On avouera qu’on était de ces derniers, tout en ayant l’intuition qu’il se tramait autre chose que le retour aux paillettes. Petit à petit, on a appris que Roberto Alagna, qui projetait la sortie de son récital Luis Mariano chez Deutsche Grammophon, serait Vincent, le héros de cette «opérette à grand spectacle en deux actes et vingt tableaux » ; puis qu’il n’y participerait pas ; qu’Emilio Sagi, metteur en scêne espagnol raffiné et intelligent, familier de l’opéra comme de la zarzuela (le genre léger espagnol), serait de la partie.
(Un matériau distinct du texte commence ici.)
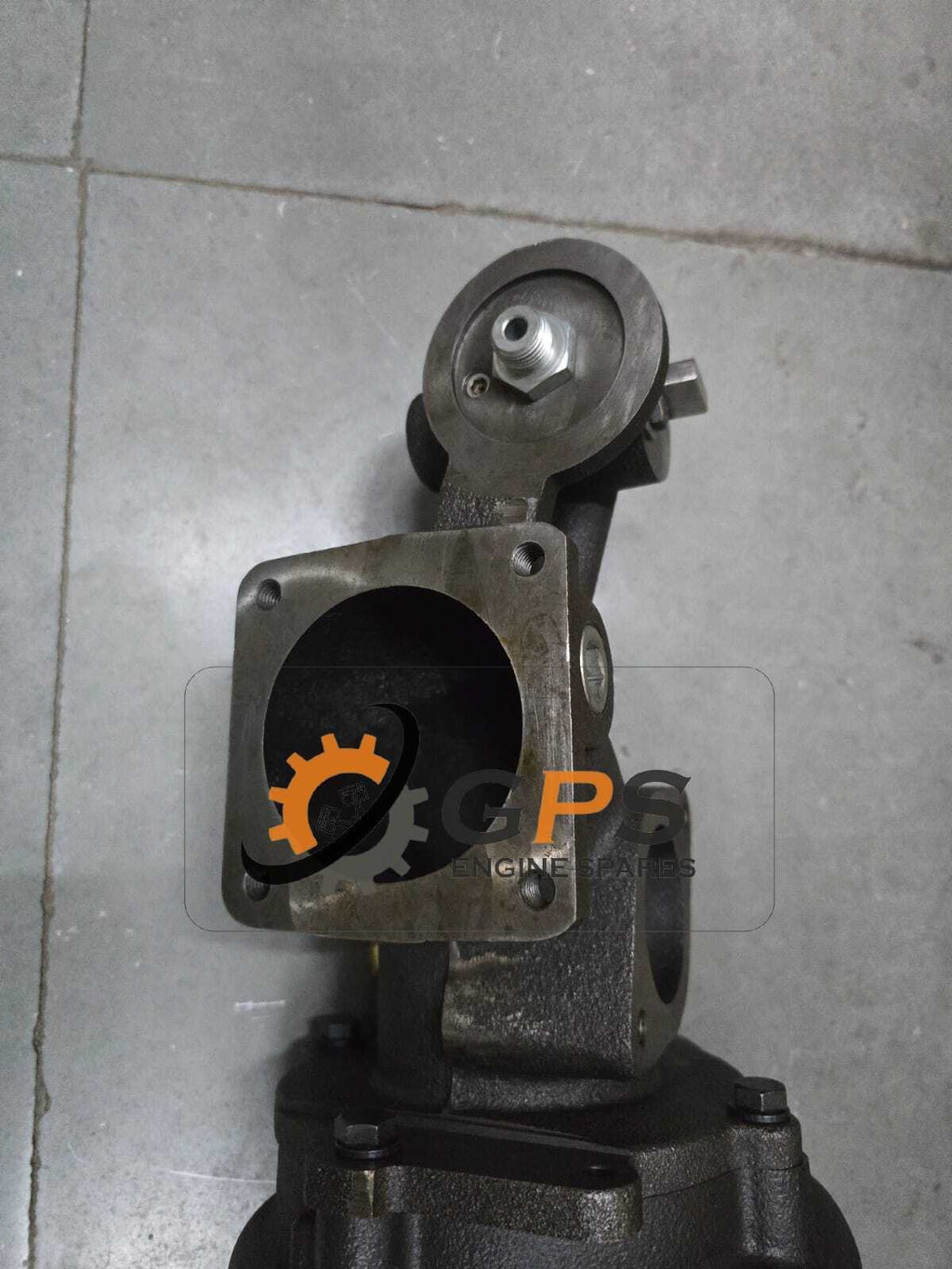New Water Pump Assembly 3098960 3098964 For Cummins K19 KTA19 QSK19 Engine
En février, les affiches de la nouvelle saison du Châtelet confirmaient que le ton pratiquerait le second degré: une photo, signée Pierre et Gilles, montrait un accorte torero, la hanche ployée et le sourire finement moustachu, à la Zorro, entouré d’un décor rose shocking à faire pâlir la plus kitschissime des drag queens.
Jean-Luc Choplin s’est enfin expliqué sur ce choix paradoxal qui faisait tant frissonner le landerneau: «Non, je ne vais pas refaire le Châtelet d’avant 1980. Mais il y a, dans l’histoire de cette maison, un «trou noir», une part d’elle-même qu’on voudrait ignorer. J’ai envie que le Châtelet retrouve une certaine tradition du grand spectacle, mais revisitée, décalée » ( Le Monde du 2 mars).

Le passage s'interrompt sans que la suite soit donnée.